The 47 companies collectively hire about 2,000 employment pass holders and more than 2,800 local professionals, managers, executives and technicians (PMETs).
They were added to the Fair Consideration Framework (FCF) watchlist "as their workforce profiles indicate that they may have discriminatory hiring practices", said MOM in a press release.
"These employers will have their Employment Pass applications closely scrutinised, and those who are recalcitrant or uncooperative will have their work pass privileges cut back," the ministry added.
MOM did not name the companies.
"HIGH CONCENTRATION" OF SINGLE NATIONALITIES IN FINANCIAL, PROFESSIONAL SERVICES FIRMS
Of the 47 employers, 30 are in the financial and professional services sectors. MOM said that all 30 of the financial and professional services employers have a "high concentration of PMETs from single nationalities".
In one wealth management firm, for example, almost three-quarters of their PMETs are of the same nationality, said MOM.
In another example of a bank, almost two-thirds of the PMETs are of the same nationality, it added.
"We will subject their hiring to closer scrutiny to ensure that there is no nationality bias against locals, which is unacceptable and not in line with fair, merit-based hiring," said MOM.
READ: About 1,000 firms suspected of discriminatory hiring practices, placed on Government watchlist
MIX OF LARGE AND SMALL FIRMS
The 47 companies added to the watchlist comprise both large and smaller firms - with the largest employing close to 2,000 PMETs.
Aside from the 30 employers in the financial and professional services sectors, the remaining 17 companies are in a variety of sectors, such as administrative and support services, manufacturing and education.
"While these firms were supporting local PMET employment, their workforce profiles raise concerns, when compared to industry peers," said MOM.
The ministry said that another 240 firms were identified through data analytics for possible pre-selection of foreigners or not adhering to the spirit of the job advertising requirement under the framework, and will be further investiged.
1,200 EMPLOYERS SCRUTINISED UNDER FRAMEWORK SINCE 2016
The FCF watchlist was introduced in 2016 "to proactively identify employers that are suspected of having discriminatory hiring practices", according to MOM. This is indicated by an exceptionally high share of foreign PMETs compared to industry peers, or a high concentration of PMETs from a single nationality.
More than 1,200 employers have been scrutinised under the framework since 2016. In all, 3,200 Employment Pass applications have been rejected or withheld by MOM, or withdrawn by employers.
Over the same time period, employers on the watchlist have hired more than 4,800 Singaporean PMETs, said MOM.
"EXCEPTIONALLY HIGH SHARES OF FOREIGN PMETS"
The latest additions to the FCF watchlist include banks and fund managers, management consulting firms, as well as firms that provide project management and engineering services.
"A number of these employers were placed on the FCF Watchlist because they have exceptionally high shares of foreign PMETs compared to their industry peers," said MOM.
For example, 18 of the firms added to the watchlist have foreigners comprising more than half of their PMET workforce, significantly higher compared to their industry peers, said the ministry.
"MOM does not tolerate unfair hiring practices, and employers who do not give locals a fair chance in hiring and promotion will face scrutiny and stiff penalties if found to have unfair hiring practices," it said.
REASONS BEHIND POSSIBLE UNFAIR HIRING PRACTICES
MOM said that in its observations of companies on the watchlist since 2016, 190 were from the financial and professional services sectors.
Through its engagement with those employers, TAFEP found that they were often not familiar with the skillset of local jobseekers and the Government’s support measures to help local workers reskill and upskill, said MOM.
For example, some of them claimed they were unable to find local workers with the required expertise or experience, including for more technical roles such as senior software engineers, said the ministry.
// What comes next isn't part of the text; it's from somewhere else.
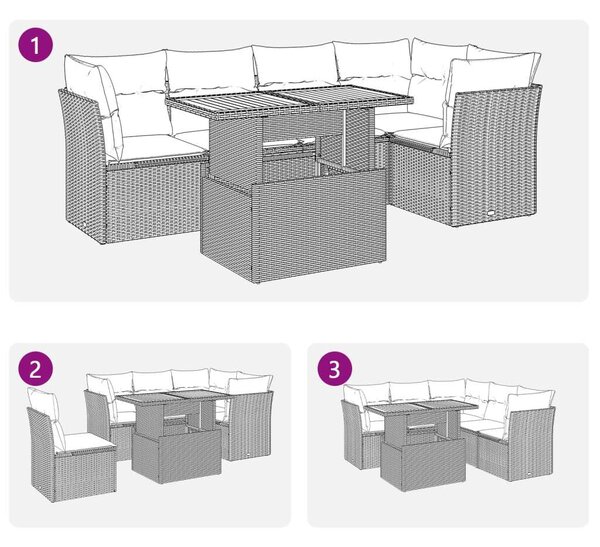 VidaXL 6 részes bézs polyrattan kerti ülőgarnitúra párnával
The fact was, however, they had not cast their net wide enough, such as by tapping on Professional Conversion Programmes, MOM added.
Other employers assumed that local workers lacked the global exposure necessary to function effectively across the multiple countries that they operate in, said MOM.
The manpower ministry urged the public to report specific instances of discriminatory behaviour, saying that the identity of whistleblowers will be kept confidential.
"During these challenging times, we will be extra vigilant against unfair hiring, to ensure that local jobseekers are treated fairly," it said.